A man who allegedly mailed a self-made bomb in an attempt to kill his girlfriend after the couple broke up has been arrested and charged, Pudong New Area prosecutors said yesterday.

The suspect, surnamed He, in his 30s, met his girlfriend through an online game in October 2010.

The pair soon began a relationship and moved into an apartment after divorcing their spouses, prosecutors said.

But the sweet time was short-lived as He's girlfriend asked the Jiangsu Province native to buy an apartment in Shanghai as a condition to marry him.

He said he had little money after divorcing his ex-wife. And his parents, who objected to his second marriage, refused to lend money to him.

Last October, He's girlfriend told him she had a new boyfriend and refused to see him, a prosecutor said.

"I was making every effort to marry her but she betrayed me," He said.

The angry man bought firecrackers, steel balls and fittings and produced a bomb.

He hid the device in a paper box and mailed it to his girlfriend's home in Shanghai by express last December, prosecutors said.

An elderly couple signed for the express delivery because their daughter, the receiver, was at work.

They phoned their daughter but she did not know where the parcel came from.

The parents opened the delivery carefully and were shocked to see two black tubes in a shape similar to detonators.
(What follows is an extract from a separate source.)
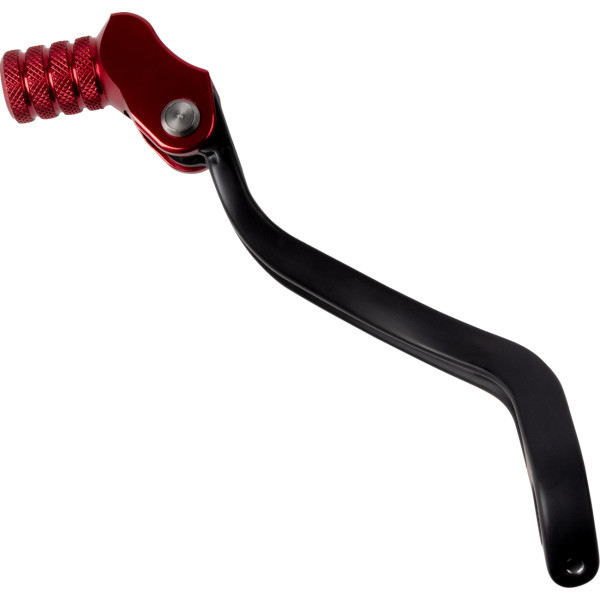 【USA在庫あり】 MOOSE OFFROAD シフトレバー レッド 20mmオフセット 1602-1632 HD店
They moved it to an open area and reported to the police, prosecutors said.

Anti-explosion police rushed to the scene and defused the bomb, which was set to be detonated when the paper box linked to the sender was opened, police said.

Prosecutors said the couple were lucky because the paper box was broken, enabling them to see the bomb inside without opening it.

The bomb later was detonated in a safe place, causing an explosion so powerful that experts said people standing within a radius of 6 to 7 meters would have been killed.

Under Chinese law, He could face up to 10 years in prison.

Prosecutors said the bomb not only threatened the target but also endangered innocent people, including the delivery men.

China has drafted new standards to regulate express services, which will take effect on May 1.

Under the new standards, senders will be required to open their parcels and show identification cards while recipients are able to check the delivery contents before putting their signatures on products that they purchase by mail, television or on the Internet.